But then that message goes away. It’s about GV’s personal artistic journey, and Nedumudi’s quest for his one true disciple. And it kind of works, there were seeds for this story planted at the beginning. One thing that the film does well is show the passage of time as GV keeps learning. At the beginning Nedumudi promises him it will be 3 years of dedication before he is a master. We see GV start in a class with 5 other students. Then it goes down to 4 others. And then 3. And then just GV and the NRI. GV studies the basics, the NRI lends him recordings of master drummers from all over the world and he listens obsessively. He plays music everywhere, at Aparna’s hospital, at home, everywhere. He is thrown out, and keeps studying on his own, traveling India and drumming everywhere. He comes back and it is finally 3 years later. Nedumudi has lost all his students and come to appreciate GV as his one most faithful disciple. GV has traveled and learned and it has served to bring him to a greater appreciation of Nedumudi. He joins the competition to bring honor to Nedumudi, but then goes above and beyond, loses himself in his own music, and proves he has moved beyond his Guru. Fine, that’s an okay story. But if that is the story they wanted to tell, they should not have focused so much on the caste issues in the first half.
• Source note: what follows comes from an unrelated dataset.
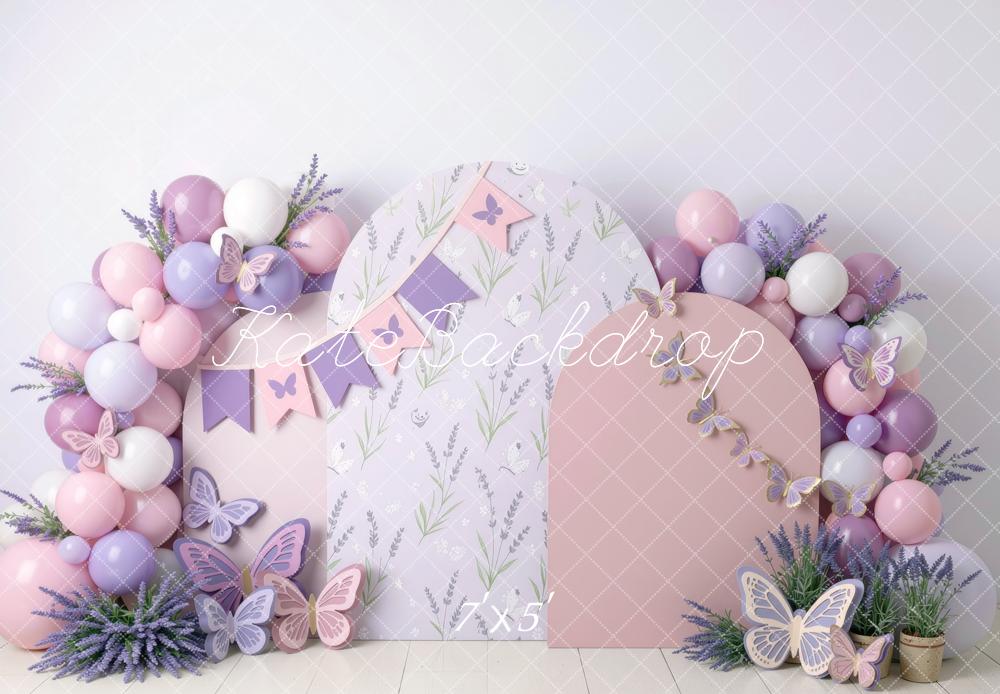 Kate Birthday Pastel Purple Balloon Arch Butterfly Lavender Panels Printed Backdrop Designed by Mini MakeBelieve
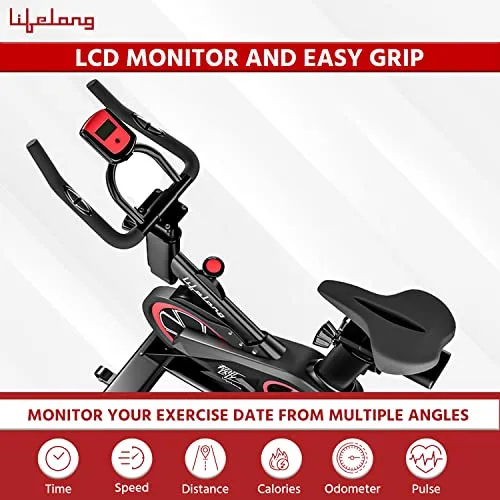 Lifelong LLESB99 Exercise Spin Fitness Bike with 6kg Flywheel|Adjustable Resistance|LCD Monitor & Heart Rate Sensor for Fitness at Home|Spin Bike, Fitness Bike, Exercise Bike for Home Use|Max User Weight: 100kg (1 Year Warranty)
In my cut of this movie, GV goes on his journey and returns to the city to play for the younger man who is head of the Carnatic Society (who already challenged Nedumudi for not being willing to change with the times). He gets a chance to play on stage, a chance Nedumudi lost, and Nedumudi watches him and finally comes to understand how he judged him unfairly, how he did not believe in him because he still saw the low caste Christian boy, not the amazing musical talent he had. The greater message that cast distinctions don’t just harm the lower caste community, they harm everyone, the world loses out on all this beauty because it doesn’t have a chance to flower.

But, the current cut is fine. And they can’t really end with leaving it at “TV talent shows are just about ratings and are shallow contrived things”, because AR Rahman not only judges TV shows, he has found a lot of his collaborators on them. Heck, even Arijit Singh had that kind of career, after a lifetime spent learning classical music, his Guru recommended he go on a TV show as it would be his best chance to get noticed and find a career. It’s a little shallow and simple to just have him win a TV talent contest, but it’s better than the ending I feared, the Drona ending.
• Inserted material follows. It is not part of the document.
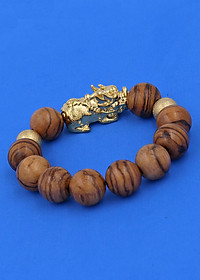 Chuỗi tay Gỗ Huỳnh Đàn 15 ly - Vòng tay Tỳ Hưu inox vàng VGHUDTHHBV15 - Vòng đeo tay size lớn, phù hợp cho nam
Early in the film, when Nedumudi is refusing to teach GV, GV cuts his photo out and puts it on his wall, practicing in front of it. Like Eklavya, watching from a distance and using a statue of Drona to teach himself archery. Nedumudi mentions frequently his fear of shaking hands, that he might suffer a broken finger and lose his rhythm. There is foreshadowing that GV is going to somehow break his hand just like Eklavya having his thumb cut off as the price for learning archery as a lower caste. Thank goodness, the film doesn’t go that way, doesn’t go with the impossibility of change, with inevitable tragedy to the lower castes. GV gets his hand broken, but keeps going, finds a new way to drum and move past the pain.
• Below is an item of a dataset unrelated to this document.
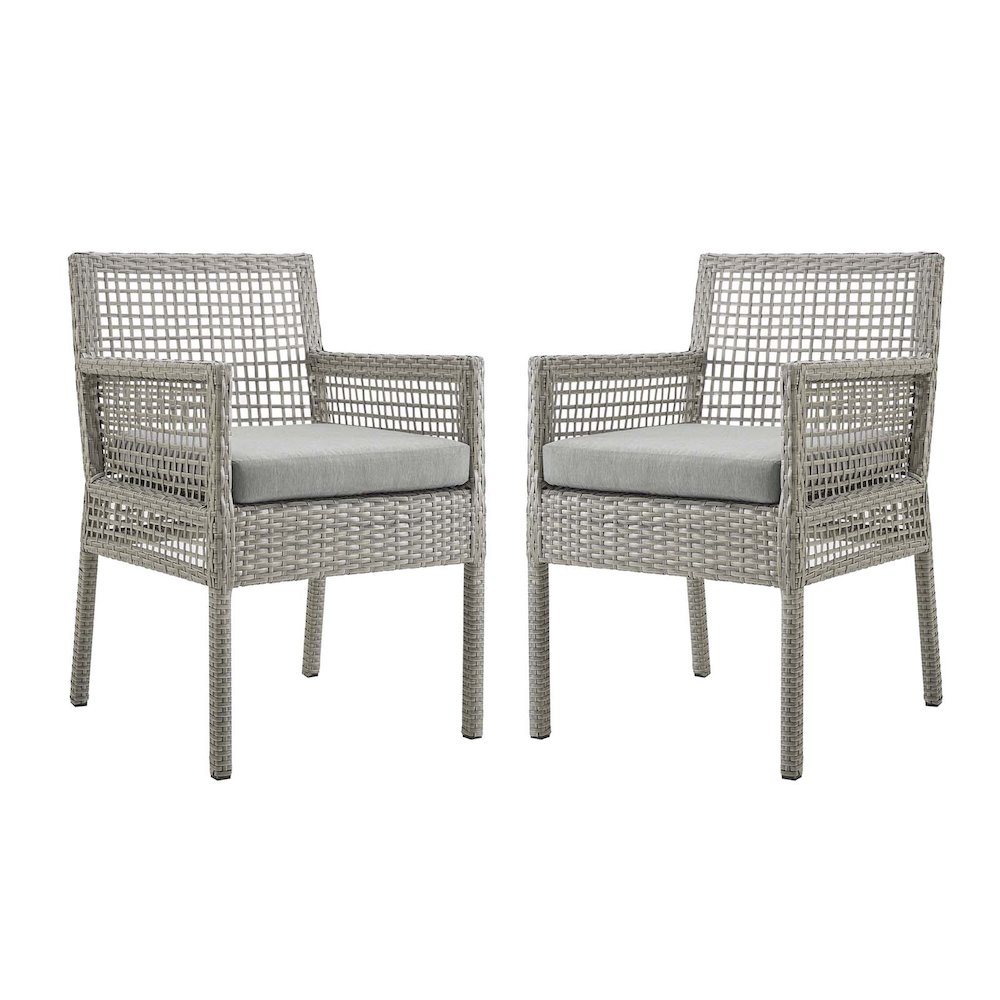 Aura Outdoor Patio Wicker Rattan Dining Armchair Set of 2. Picture 1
Even without the Drona-Eklavya plot, or the “GV triumphs outside of the established system” ending, there is still a subtle lesson about the importance of all parts of society. The Vijay fan society that he was a part of at the start stays with him through out. It is the president of the society who helps him get out of jail, and later the society raises the money for him to go on his cross-country journey. And they show up for his TV show, cheering him on. It is his father’s lessons about what makes a drum, and about the suffering of their community, that helps him connect more deeply with his craft. Even Aparna, it is his love for her and their night of sex that snaps him out of his artistic depression. And the wealthy NRI with the Harvard degree, who can’t connect the way GV can, his life is empty. Music isn’t about Nedumudi reaching GV and giving up the rest of his life, it is about GV learning to bring that whole life into his lessons with Nedumudi.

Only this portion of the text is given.